The Committee generally felt that studies
are needed to assess the benefit risk in this population. The complete details of the responses to this
question are recorded on the meeting transcripts to which those interested are
referred.
[1] defined as surgery that required general or spinal anesthesia that was performed within the 12-hour period immediately preceding study drug infusion;
[2] such as patients with staged surgeries or burn patients with planned excisions and grafting during the study drug infusion period.

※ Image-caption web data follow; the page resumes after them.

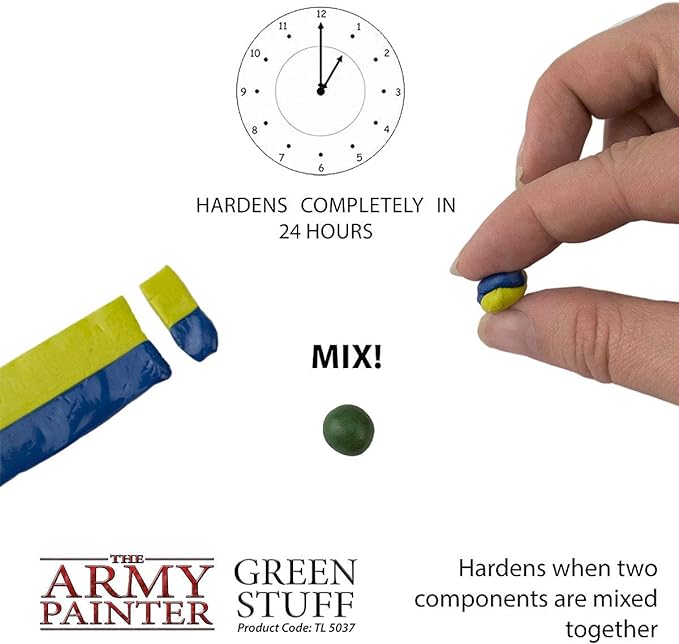 The Army Painter Green Stuff, 2 Part Modelling Clay, 20cm, Mouldable Model Putty Modelling Compound for Miniatures, Easy-to-Knead Green Putty Epoxy Clay for Sculpting
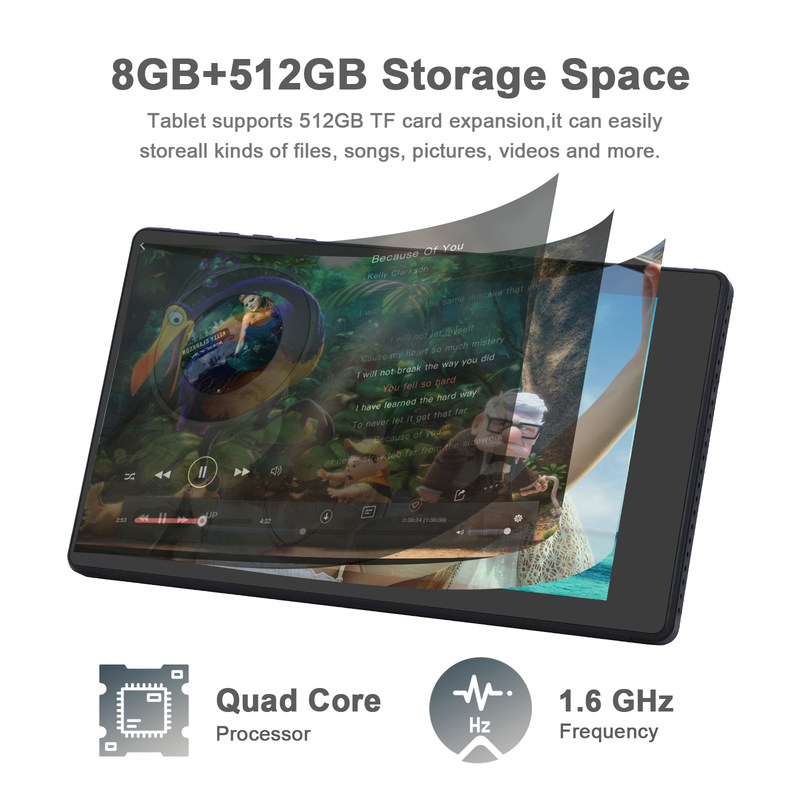 ไอเดีย C แท็บเล็ตสมาร์ท Android ขนาด 7 นิ้ว ขนาด 8+512GB แท็บเล็ต WiFi Quad Core ขนาด HD หน้าจอสัมผัส CM513 ((ดํา)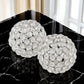 Set of Two Silver And Clear Faux Crystal And Metal Orb Decorative Tabletop Sculptures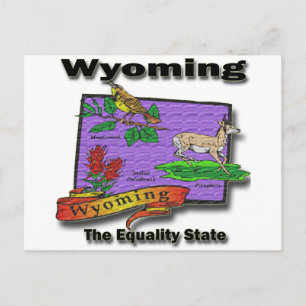 Postal Wyoming El Pájaro Del Estado De La Igualdad Querid
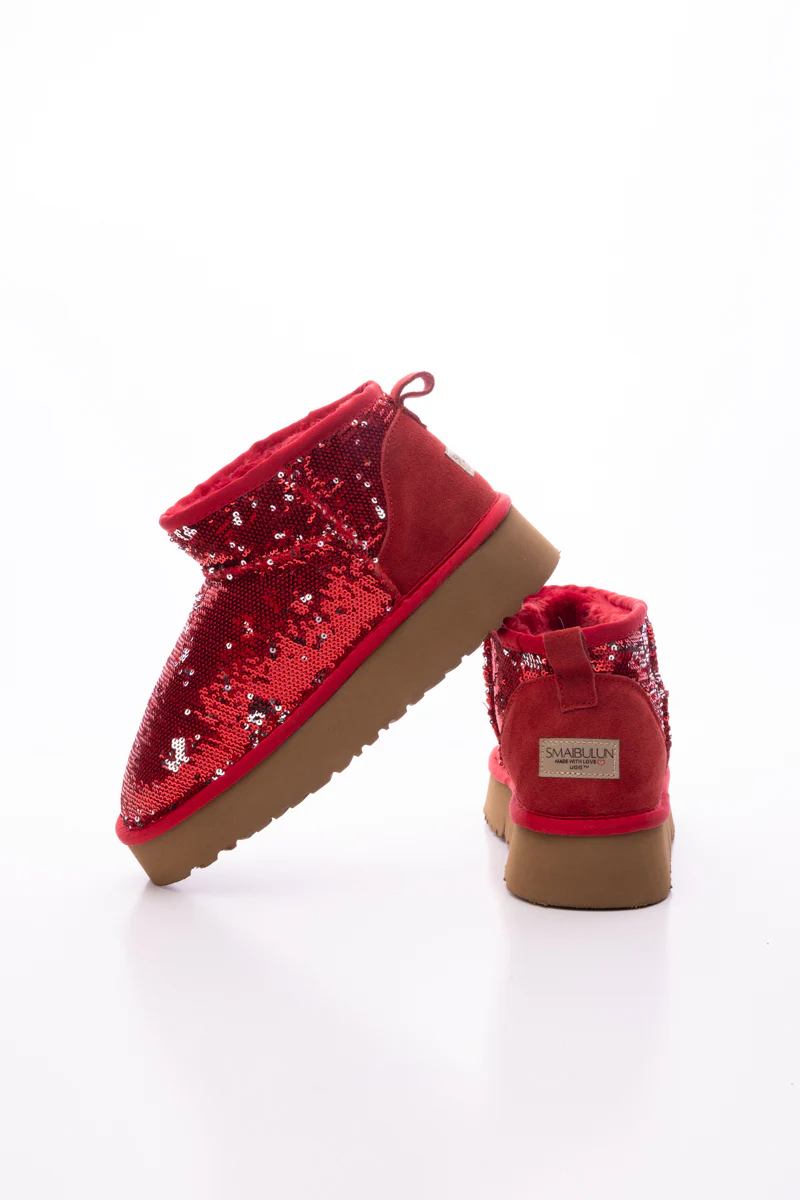Smaibulun Ugg | Mini Glitter Low Ankle Platform Boots - Red - Image 10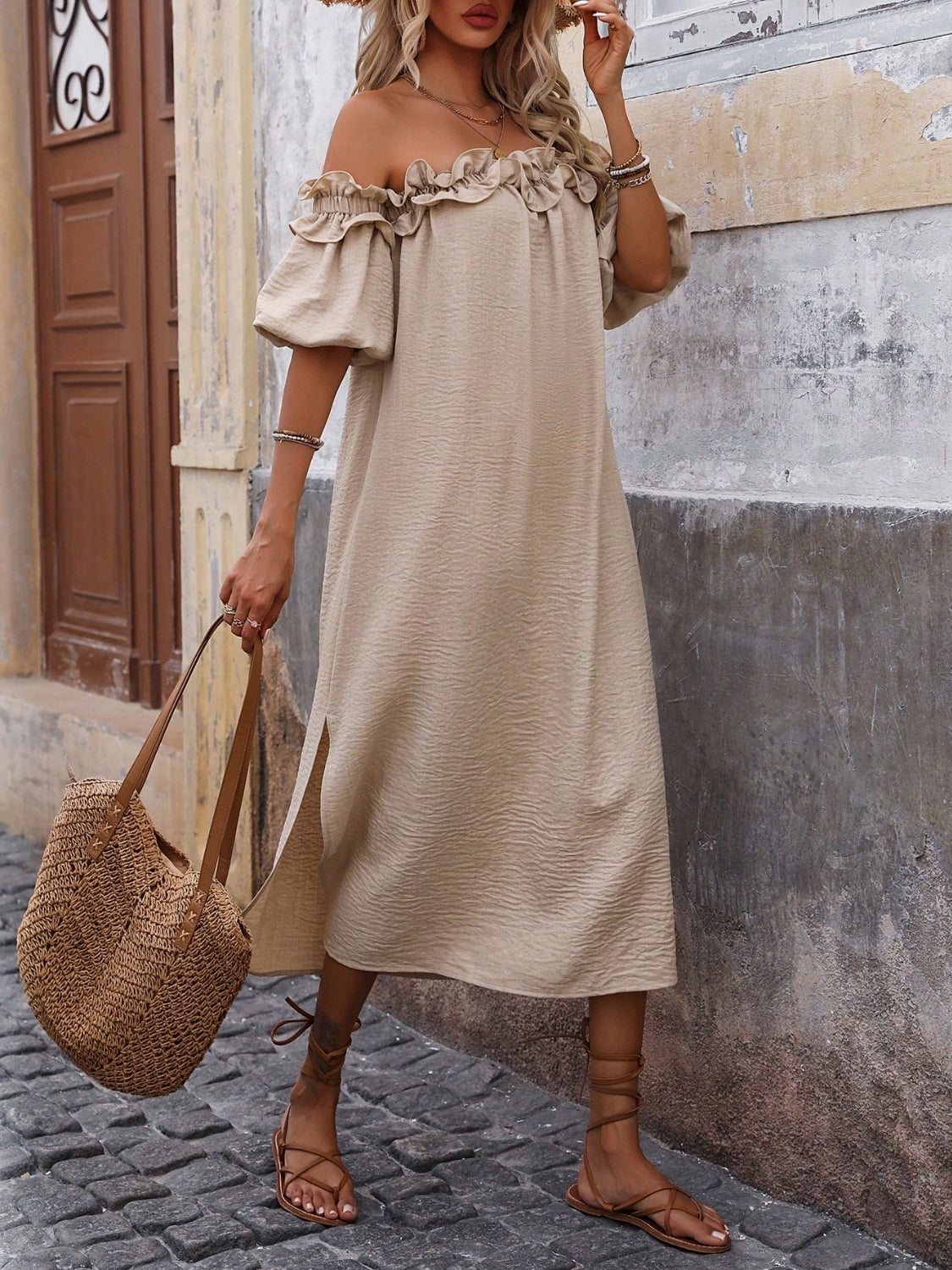 Ruffled Off-Shoulder Puff Sleeve Midi Dress.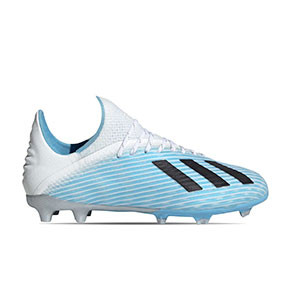 adidas X 19.1 FG J - Botas de fútbol infantiles adidas FG para césped natural o artificial de última generación - azul celeste - pie derecho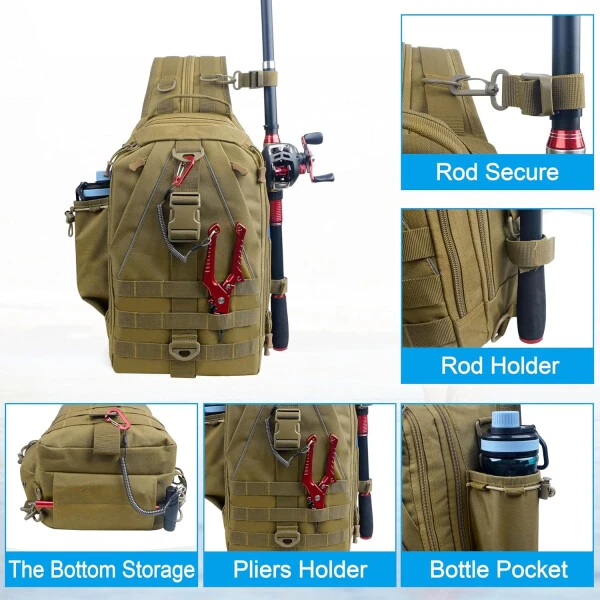 Fishing Tackle Backpack Storage Bag, Fishing Bag with Rod Holder Lightweight Waterproof Fishing Backpack Fishing Shoulder Gear Bag Fishing Gift for Men Women Hiking Hunting Fishing Standard - 6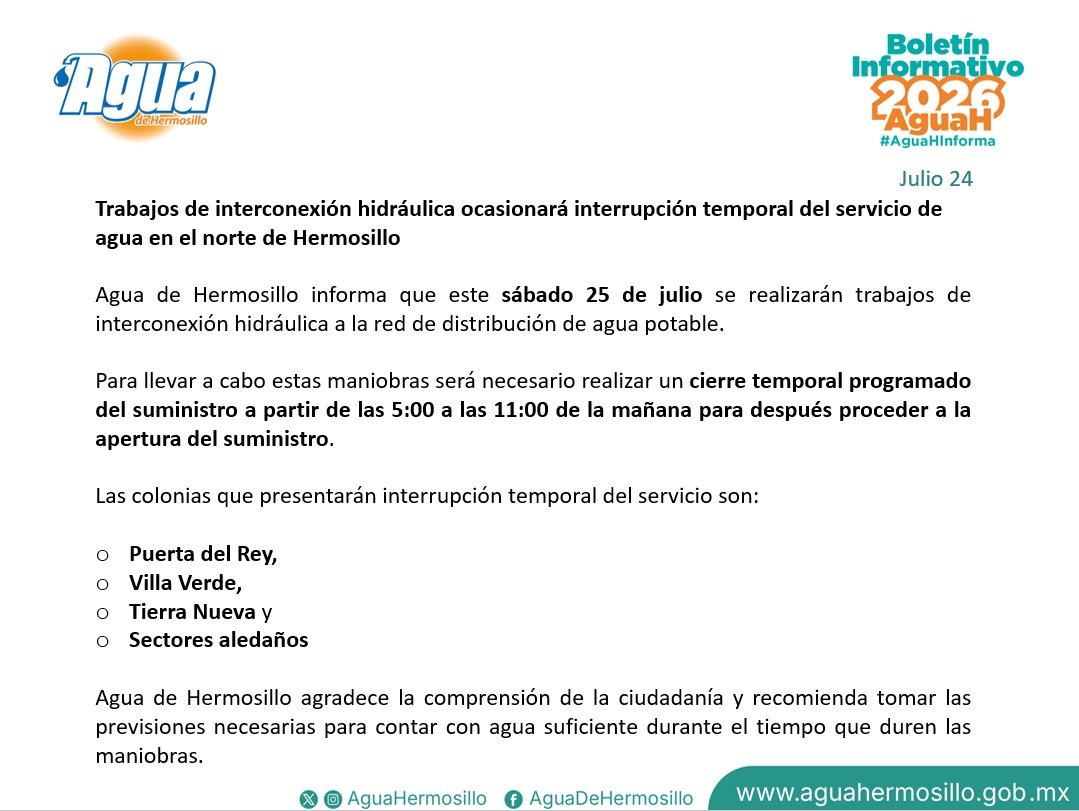 aguahermosillo's tweet photo. Aviso importante: https://t.co/ErY1XKiElo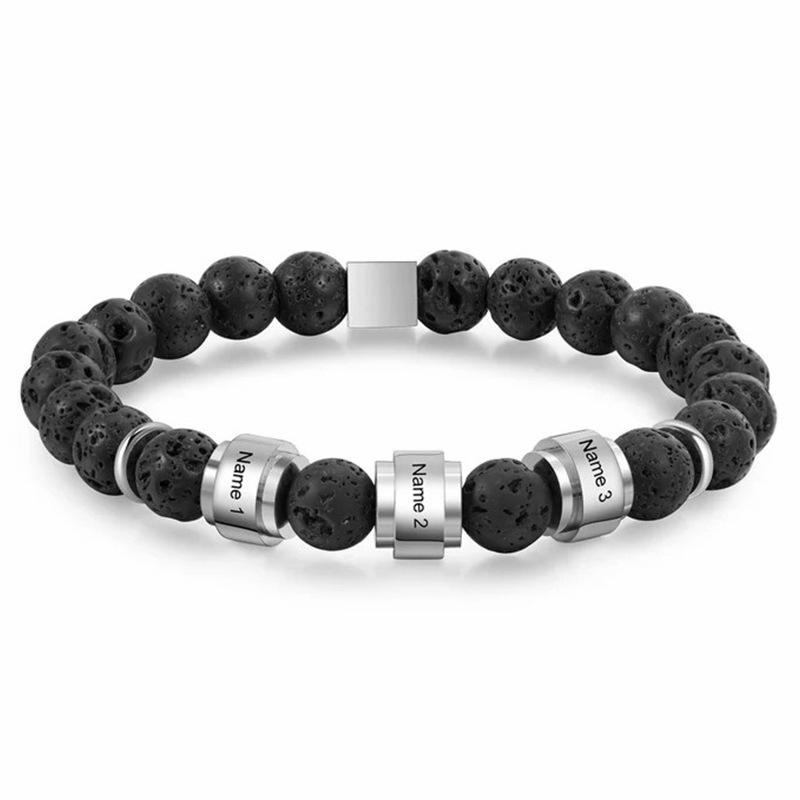 Aliexpress Hot Selling Stainless Steel Custom Bracelet 8mm Volcanic Stone Beaded Name Bracelet Customized Men's Hand Accessories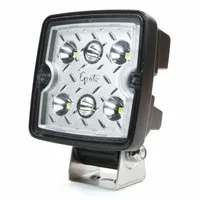 LED floodlight with black hardshell housing and hardshell electrical connection. Overall width 3 15/16 in. ECE compliant. Suitable for wide-area illumination on off-road vehicles, construction, agricultural, and utility equipment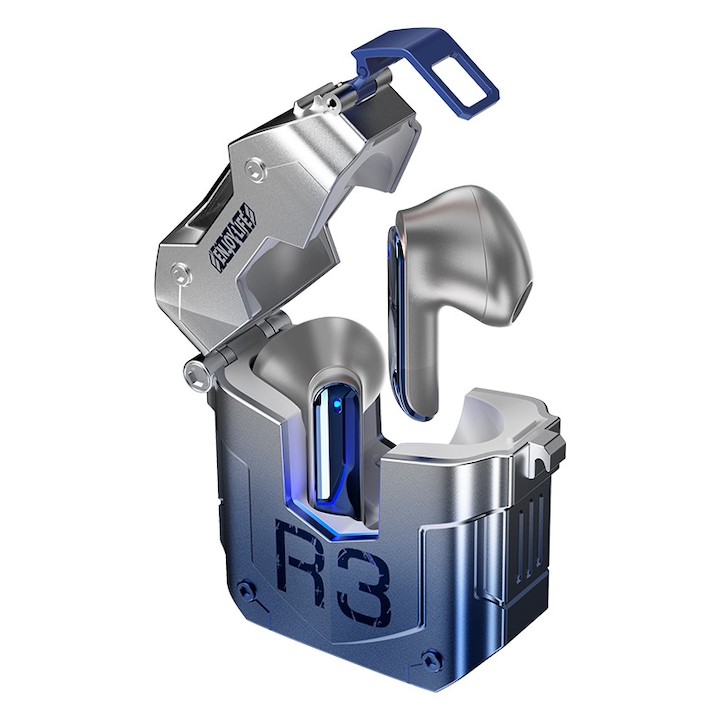 Rock R3 Bluetooth fülhallgató, Hi-Fi, IPX4 vízálló, RGB, Ezüst/Kék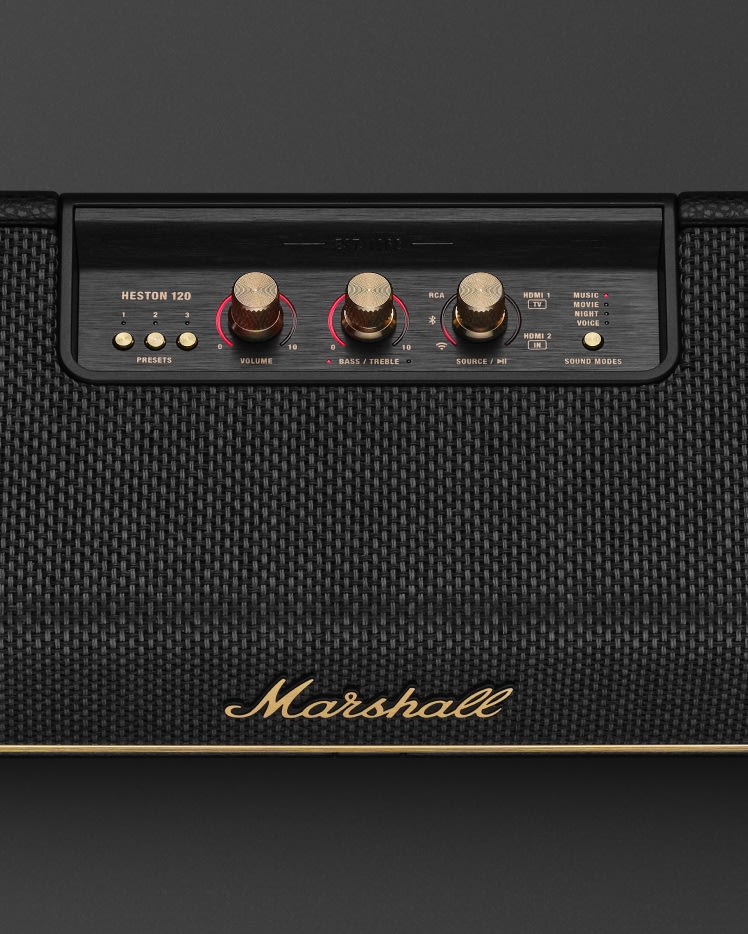 Heston 120 Black soundbar featuring Dolby Atmos | Marshall.com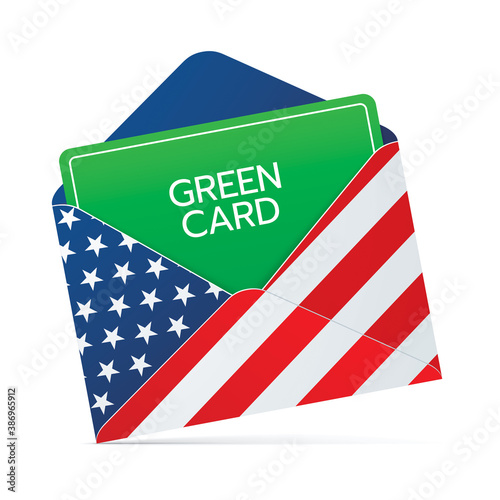 Permanent residency GREEN CARD document in an envelope with USA flag print. United States of America citizenship lottery concept.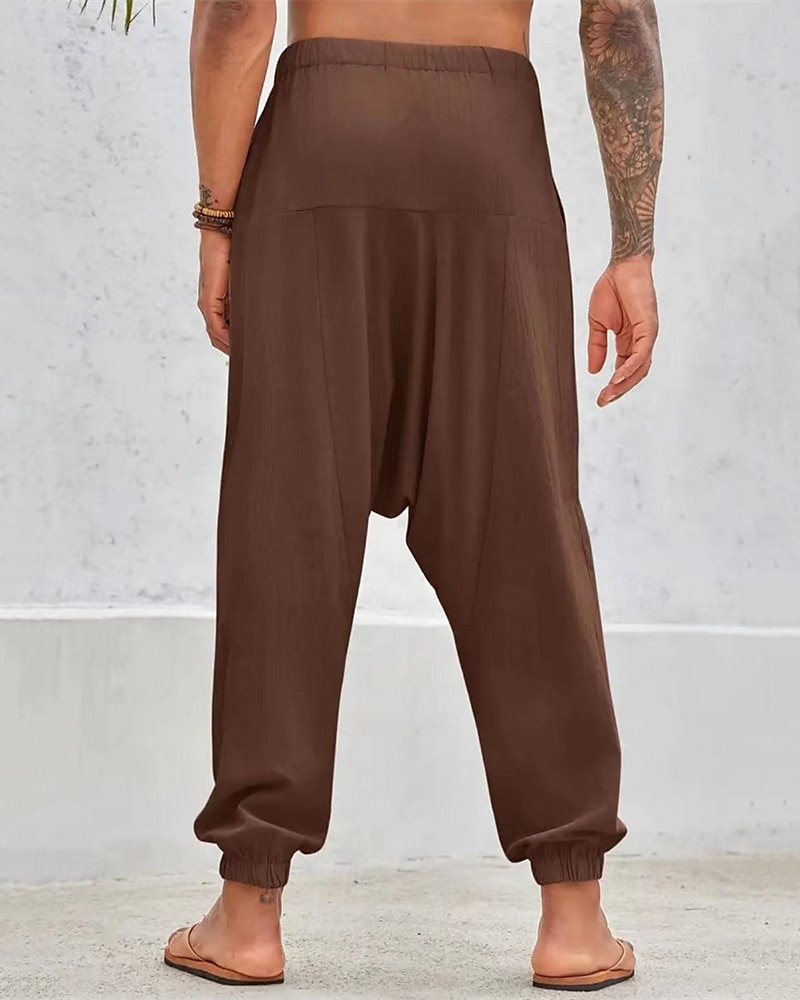 Herren Baumwollhosen Hose Hosen Sommerhosen Strandhose Haremshose Tasche Kordelzug Elastische Taille Glatt Komfort Atmungsaktiv Täglich Festtage Urlaub Hawaiianisch Boho Armeegrün Weiß 2025 - $27.99 –P12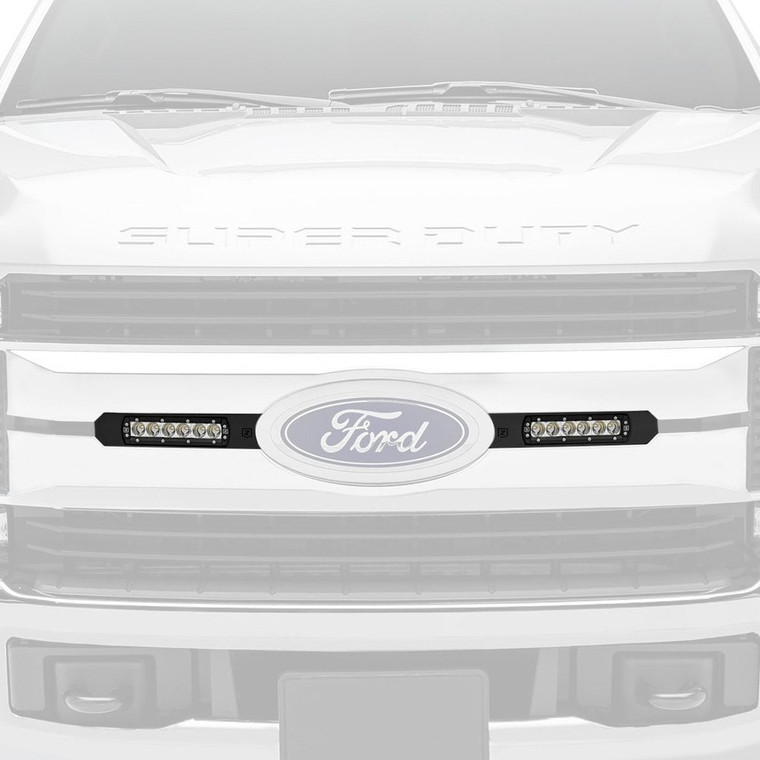 Zroadz - 1717 F250/f350 Oem Grille Led Light Bar Mounts Brushed(only Fits Xl/xlt) - Z415573-KIT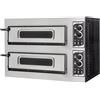 Ristoattrezzature Modello: 105920070012473,Forno elettrico panetteria per pane meccanico monofase porta in vetro 2 teglie 60x40 cm 2 camere da 62x50x12h cm - 4 termostati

[3] for example: flail chest;
significant contusion to lung, liver, or spleen; retroperitoneal bleed; pelvic
fracture; or compartment syndrome.
[4] Therapeutic heparin (Note: Prophylactic unfractionated heparin
up to 15,000 units/day was permitted),
Warfarin, if used within 7 days of study entry and if prothrombin time
was prolonged beyond the upper limit of normal for the institution,
Acetylsalicylic acid (ASA) >650 mg/day or compounds that contain ASA >650
mg/day within 3 days of study entry, Thrombolytic treatment within 3 days of
study entry, Glycoprotein IIb/IIIa antagonists within 7 days of study entry.
[5] Bleeding events defined as serious adverse events included any intracranial hemorrhage, any life threatening bleed, any bleed that required 3 or more transfusions of PRBCs on 2 consecutive days, or was reported as a bleeding event and met SAE reporting criteria (prolonged hospitalization, etc.)